Continuous exposure to systemic IGF-1 promotes oligodendrocyte development. A–C, Quantification of the area of Olig2+-IR on P5 in IGWM (average of temporal, cingulate, and parietal subcortical tracts), PvWM, hippocampus proper (average of dorsal and ventral CA and hilus quantification; A), in different WM subcortical tracts (B, left), and in separate dorsal and ventral hippocampal total CA and hilar region at P5 (C). n = 11–12/treatment group. Data are given as the mean ± SEM. All data were analyzed using a linear model for each time point; statistically significant effects of treatment are shown as *p < 0.05, **p < 0.01. B, Right, Representative images of Olig2 labeling in the dentate gyrus of control and IGF-1-treated pigs at P5. Scale bars: left, 500 μm; right, 100 μm. Sections were counterstained with hematoxylin.

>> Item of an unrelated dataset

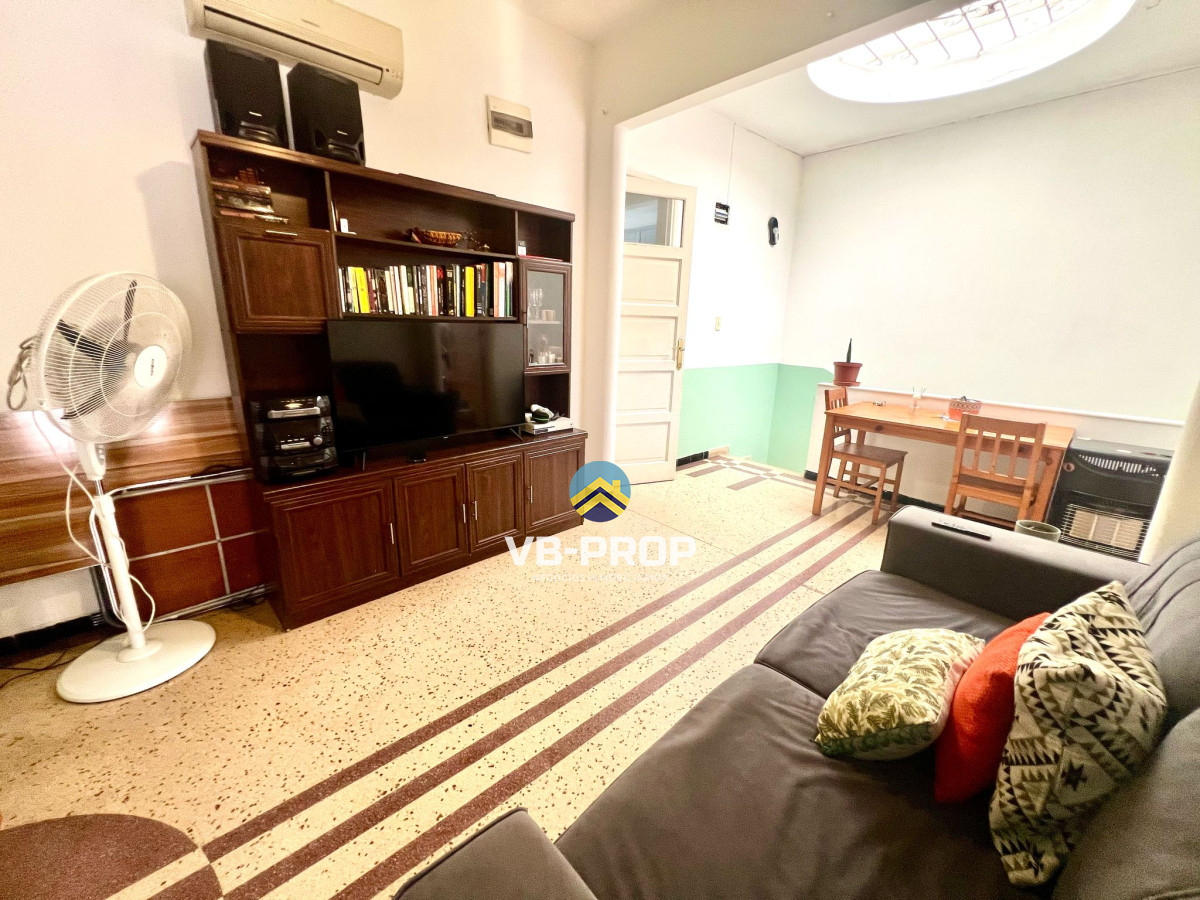 Apartamento ID.413 - Venta apartamento 3 dormitorios flor de maroñas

For the effect of IGF-1 treatment on Olig2+ cell number and on the level of Olig2 on postnatal day 9, see Extended Data Figure 4-1.

Figure 4-1

A, Quantification of the number of Olig2+ cells in the IGWM (average of temporal, cingulate, and parietal subcortical tracts), PvWM, CA, and hilar region (both average of respective dorsal and ventral hippocampal quantifications) of the hippocampus at postnatal day 5. CON, n = 12; IGF-1, n = 11. B, C, Quantification of the area of Olig2+-IR (B) and the number of Olig2+ cells (C) on postnatal day 9 in the PvWM, IGWM (average of temporal, cingulate, and parietal subcortical tracts), dorsal and ventral CA, and hilus of the hippocampus (Hipp). All results are expressed as the mean ± SEM. All data were analyzed using a linear model for each time point; statistically significant effects of treatment are shown as *p < 0.05. Download Figure 4-1, TIF file.

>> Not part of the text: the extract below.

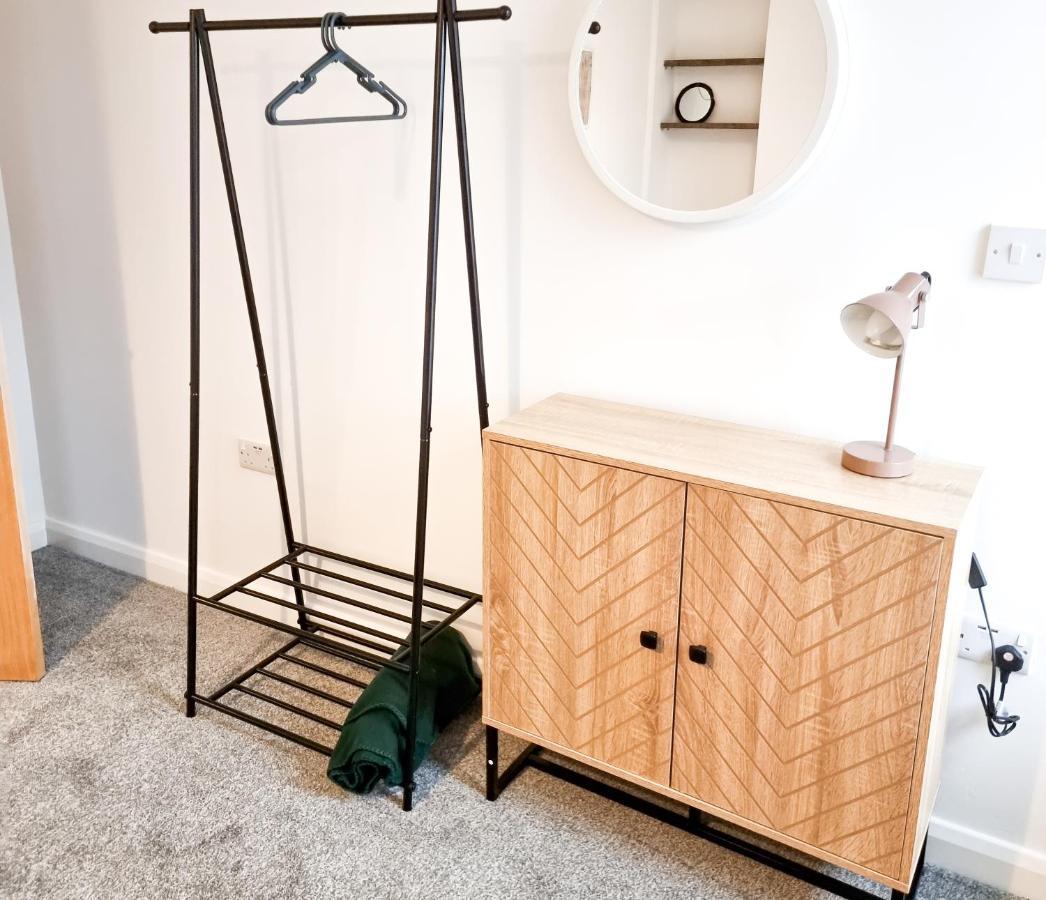 Spacious 3-Bed Near The City Centre Swansea Extérieur photo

Analysis of MBP-IR in the brains of preterm pigs showed progressive myelination processes from P5 to P9 for most of the analyzed regions in both the CON and IGF-1 groups. Compared with CON pigs, IGF-1 pigs had a significantly higher MBP-IR area in the total IGWM region, both at P5 (CON, 18.17 ± 0.69; vs IGF-1, 21.68 ± 1.07; p = 0.019) and P9 (CON, 22.82 ± 1.77; vs IGF-1, 28.35 ± 1.62; p = 0.002). Detailed analysis of MBP-IR in three predetermined areas of IGWM located within the cingulate gyrus and parietal and temporal cortices showed region-dependent and time-dependent effects of IGF-1 treatment on myelination. Specifically, at P5 only temporal IGWM had significantly higher MBP-IR (p = 0.027), whereas at P9, all three analyzed intragyral subfields had higher MBP-IR in the IGF-1 group (p = 0.008 for temporal, p = 0.0003 for parietal, and p = 0.008 for cingulate IGWM; Fig. 5A,B). No differences in MBP-IR between the CON and IGF-1 groups were observed in the hippocampal subregions at P5 or P9. Together, data on both Olig2-IR and MBP-IR indicate that systemic treatment with IGF-1 accelerated ongoing myelination and promoted the maturation of oligodendrocytes in a region-specific manner.

Figure 5.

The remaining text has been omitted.